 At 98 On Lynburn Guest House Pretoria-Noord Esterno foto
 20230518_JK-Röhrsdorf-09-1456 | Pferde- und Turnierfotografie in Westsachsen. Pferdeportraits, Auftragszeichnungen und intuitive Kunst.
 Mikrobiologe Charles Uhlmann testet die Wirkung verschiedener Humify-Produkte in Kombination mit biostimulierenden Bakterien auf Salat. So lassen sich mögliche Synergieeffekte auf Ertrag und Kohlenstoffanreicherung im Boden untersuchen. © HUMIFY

- TASK INSTRUCTIONS -
A word-for-word copy of the material is required.

- THE COMPLETED TASK -
 At 98 On Lynburn Guest House Pretoria-Noord Esterno foto
 20230518_JK-Röhrsdorf-09-1456 | Pferde- und Turnierfotografie in Westsachsen. Pferdeportraits, Auftragszeichnungen und intuitive Kunst.
 Mikrobiologe Charles Uhlmann testet die Wirkung verschiedener Humify-Produkte in Kombination mit biostimulierenden Bakterien auf Salat. So lassen sich mögliche Synergieeffekte auf Ertrag und Kohlenstoffanreicherung im Boden untersuchen. © HUMIFY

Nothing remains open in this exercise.